Bravery and Greed is a sidescrolling roguelite beat ‘em up by Rekka Games, in which you fight your way to the runes needed to unlock a dwarven vault with untold riches inside. Adventure mode sees one-to-four players taking on five dungeons to steal the dwarven treasure, with specific dungeon layout and rewards randomized. Each room you enter hides a small platforming challenge, a fight, or a reward, with fights being the most common occurrence.
Each of the four character classes has an upwards attack, a downwards attack, a neutral attack combo, a hold attack, and a projectile that can be used a few different ways, and all of these are substantially different between classes. You end up relying on some attacks more than others, but there’s just enough attack variety in both type and purpose that spamming the attack button isn’t always the best strategy.
The equipment you find has a diverse range of effects, from summoning skeletons when you kill an enemy to adding damage to certain attacks, and keeps each run feeling unique. There are also four mutually exclusive gods selectable at statues who give random perks per run. Since you can only pick one god per run and each god has a modest selection of perks, you’ll see the same perks over and over if you pick the same god on every run. Even so, the way perks interact with your character class, equipment, and the random order you get them in grants each run a slightly different play style.
At its best, each fight is a chaotic, but not mash-filled battle against a variety of enemy types that require you to dance through the battlefield. At its worst, it’s still pretty fun, just a bit too easy without enabling the Arcana-based run modifiers.
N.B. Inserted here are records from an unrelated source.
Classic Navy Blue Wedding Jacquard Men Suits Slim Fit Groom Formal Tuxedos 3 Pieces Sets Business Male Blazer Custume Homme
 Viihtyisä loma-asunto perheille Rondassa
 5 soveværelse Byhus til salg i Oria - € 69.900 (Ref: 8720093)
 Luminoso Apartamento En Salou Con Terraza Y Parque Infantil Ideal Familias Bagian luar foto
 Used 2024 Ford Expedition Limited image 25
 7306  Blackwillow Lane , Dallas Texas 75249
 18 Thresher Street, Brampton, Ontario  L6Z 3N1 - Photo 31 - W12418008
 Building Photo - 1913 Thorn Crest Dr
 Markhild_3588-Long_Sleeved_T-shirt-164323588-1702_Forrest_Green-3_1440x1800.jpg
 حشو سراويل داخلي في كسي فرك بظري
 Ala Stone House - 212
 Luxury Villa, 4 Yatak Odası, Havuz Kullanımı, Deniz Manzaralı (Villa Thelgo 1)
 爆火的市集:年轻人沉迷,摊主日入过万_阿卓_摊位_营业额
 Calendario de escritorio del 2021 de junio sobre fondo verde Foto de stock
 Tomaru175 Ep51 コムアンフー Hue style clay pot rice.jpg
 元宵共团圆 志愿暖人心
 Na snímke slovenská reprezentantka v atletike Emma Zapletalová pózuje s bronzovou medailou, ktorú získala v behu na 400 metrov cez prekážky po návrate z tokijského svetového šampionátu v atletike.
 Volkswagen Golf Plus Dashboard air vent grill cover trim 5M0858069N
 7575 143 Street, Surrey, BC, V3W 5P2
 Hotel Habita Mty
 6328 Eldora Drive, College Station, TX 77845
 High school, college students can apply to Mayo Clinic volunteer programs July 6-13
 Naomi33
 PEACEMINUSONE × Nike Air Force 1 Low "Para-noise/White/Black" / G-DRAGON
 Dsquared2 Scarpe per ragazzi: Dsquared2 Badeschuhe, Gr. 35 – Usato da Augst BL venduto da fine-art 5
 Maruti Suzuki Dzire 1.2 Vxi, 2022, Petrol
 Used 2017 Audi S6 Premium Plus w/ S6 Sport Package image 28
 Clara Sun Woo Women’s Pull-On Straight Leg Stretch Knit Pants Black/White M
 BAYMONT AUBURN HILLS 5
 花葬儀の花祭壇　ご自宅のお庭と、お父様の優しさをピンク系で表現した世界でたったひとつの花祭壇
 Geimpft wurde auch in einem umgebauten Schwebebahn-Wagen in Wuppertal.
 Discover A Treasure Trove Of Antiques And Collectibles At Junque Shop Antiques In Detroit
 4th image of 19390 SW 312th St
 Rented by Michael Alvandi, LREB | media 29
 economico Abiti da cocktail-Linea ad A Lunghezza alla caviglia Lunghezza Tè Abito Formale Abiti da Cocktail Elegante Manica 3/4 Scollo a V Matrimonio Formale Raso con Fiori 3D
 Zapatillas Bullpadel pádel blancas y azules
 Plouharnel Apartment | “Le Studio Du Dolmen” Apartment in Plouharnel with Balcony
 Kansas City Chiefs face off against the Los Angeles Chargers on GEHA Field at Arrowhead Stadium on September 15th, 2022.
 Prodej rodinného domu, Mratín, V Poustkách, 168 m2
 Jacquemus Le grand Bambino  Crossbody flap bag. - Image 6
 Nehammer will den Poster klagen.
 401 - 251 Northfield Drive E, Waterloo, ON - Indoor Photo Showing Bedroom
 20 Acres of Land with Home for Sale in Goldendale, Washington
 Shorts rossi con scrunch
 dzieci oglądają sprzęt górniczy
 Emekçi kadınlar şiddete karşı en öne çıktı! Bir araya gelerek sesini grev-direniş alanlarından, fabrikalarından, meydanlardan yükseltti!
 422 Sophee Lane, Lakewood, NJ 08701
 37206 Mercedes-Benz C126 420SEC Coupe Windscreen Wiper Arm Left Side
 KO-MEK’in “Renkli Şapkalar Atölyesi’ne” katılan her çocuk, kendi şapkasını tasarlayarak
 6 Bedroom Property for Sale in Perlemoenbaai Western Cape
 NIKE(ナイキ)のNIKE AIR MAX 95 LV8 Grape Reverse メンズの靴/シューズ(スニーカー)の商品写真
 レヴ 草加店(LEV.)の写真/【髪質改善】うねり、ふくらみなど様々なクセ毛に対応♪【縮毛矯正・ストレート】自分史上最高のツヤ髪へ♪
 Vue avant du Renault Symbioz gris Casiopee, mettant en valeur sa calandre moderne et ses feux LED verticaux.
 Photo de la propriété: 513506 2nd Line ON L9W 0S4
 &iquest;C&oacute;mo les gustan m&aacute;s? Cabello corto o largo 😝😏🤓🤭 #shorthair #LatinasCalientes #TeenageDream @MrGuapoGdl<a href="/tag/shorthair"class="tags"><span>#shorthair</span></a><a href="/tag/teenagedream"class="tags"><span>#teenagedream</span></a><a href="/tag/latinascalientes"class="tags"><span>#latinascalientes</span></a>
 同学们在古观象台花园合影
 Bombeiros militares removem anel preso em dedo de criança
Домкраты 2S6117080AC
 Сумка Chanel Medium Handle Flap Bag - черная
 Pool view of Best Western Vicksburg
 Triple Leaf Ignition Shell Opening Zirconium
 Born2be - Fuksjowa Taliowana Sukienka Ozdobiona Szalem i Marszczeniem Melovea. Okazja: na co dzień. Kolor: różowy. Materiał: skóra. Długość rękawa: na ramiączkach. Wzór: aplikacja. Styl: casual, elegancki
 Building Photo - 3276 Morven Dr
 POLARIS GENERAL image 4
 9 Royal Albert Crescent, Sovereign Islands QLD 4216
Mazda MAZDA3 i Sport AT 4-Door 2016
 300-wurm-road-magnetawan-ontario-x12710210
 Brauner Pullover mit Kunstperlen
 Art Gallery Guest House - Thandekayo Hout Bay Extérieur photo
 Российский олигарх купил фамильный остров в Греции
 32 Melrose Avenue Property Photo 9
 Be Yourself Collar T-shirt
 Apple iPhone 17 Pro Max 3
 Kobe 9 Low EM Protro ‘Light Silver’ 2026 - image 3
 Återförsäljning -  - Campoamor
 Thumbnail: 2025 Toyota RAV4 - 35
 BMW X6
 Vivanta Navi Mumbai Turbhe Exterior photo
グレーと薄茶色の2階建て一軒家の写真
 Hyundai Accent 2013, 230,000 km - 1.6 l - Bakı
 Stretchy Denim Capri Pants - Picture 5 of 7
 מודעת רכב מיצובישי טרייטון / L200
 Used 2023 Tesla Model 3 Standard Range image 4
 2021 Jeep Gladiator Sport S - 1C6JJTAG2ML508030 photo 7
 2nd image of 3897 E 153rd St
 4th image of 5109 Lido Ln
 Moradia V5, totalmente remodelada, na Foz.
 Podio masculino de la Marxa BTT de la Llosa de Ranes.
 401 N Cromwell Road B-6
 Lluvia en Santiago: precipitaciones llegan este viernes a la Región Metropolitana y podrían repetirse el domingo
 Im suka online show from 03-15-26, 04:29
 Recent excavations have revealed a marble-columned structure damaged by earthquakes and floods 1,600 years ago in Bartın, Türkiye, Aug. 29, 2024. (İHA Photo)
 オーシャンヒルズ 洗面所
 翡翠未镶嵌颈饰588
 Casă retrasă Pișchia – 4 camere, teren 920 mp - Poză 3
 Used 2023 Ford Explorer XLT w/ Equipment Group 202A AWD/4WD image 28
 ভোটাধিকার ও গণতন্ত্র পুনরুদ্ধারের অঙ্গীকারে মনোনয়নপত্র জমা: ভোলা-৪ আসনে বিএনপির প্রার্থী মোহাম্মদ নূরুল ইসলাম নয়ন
Speaking of which, at the end of each run, you’ll unlock new equipment and run modifiers based on how much gold you collect and what hidden objectives you complete. The modifiers mostly make the game harder or add minor mechanics in exchange for bonus gold. The game had enough variety and unlocked quickly enough that I didn’t feel trapped by the upgrade system, but I didn’t unlock everything and can’t say if it stays rewarding for dozens of hours.
The coolest part of the game should be the co-op, but from my limited experience with it, the co-op is a bit too chaotic to see what’s going on. In general, enemy animations and effects are just clear enough to react to, but when there are two or more people creating multiple sets of effects and moving the screen around, it gets a bit wild. Although you’ll definitely have fun with it, it feels less skillful and more mashy than the single-player.
The game’s animation looks good in motion, although I found the enemy designs generic, and the music and sound effects are unremarkable but do the job.
The light platforming is the one part of dungeons I haven’t mentioned because it’s forgettable. It’s a bit clunky since you can’t adjust your jump in mid-air, but you eventually get used to it and it’s easy and brief anyway. It’s also worth mentioning there’s a Horde mode, as well as a PVP mode to fight your friends in, but they’re fairly barebones.
Bravery and Greed isn’t outstanding, but it’s a better-than-average roguelite with chaotic combat and fun upgrades to mix together, as well as co-op. If that sounds good to you, it’s worth a few hours of your time.
Bravery and Greed is out now on PlayStation 4, Xbox One, Nintendo Switch, and PC for $19.99.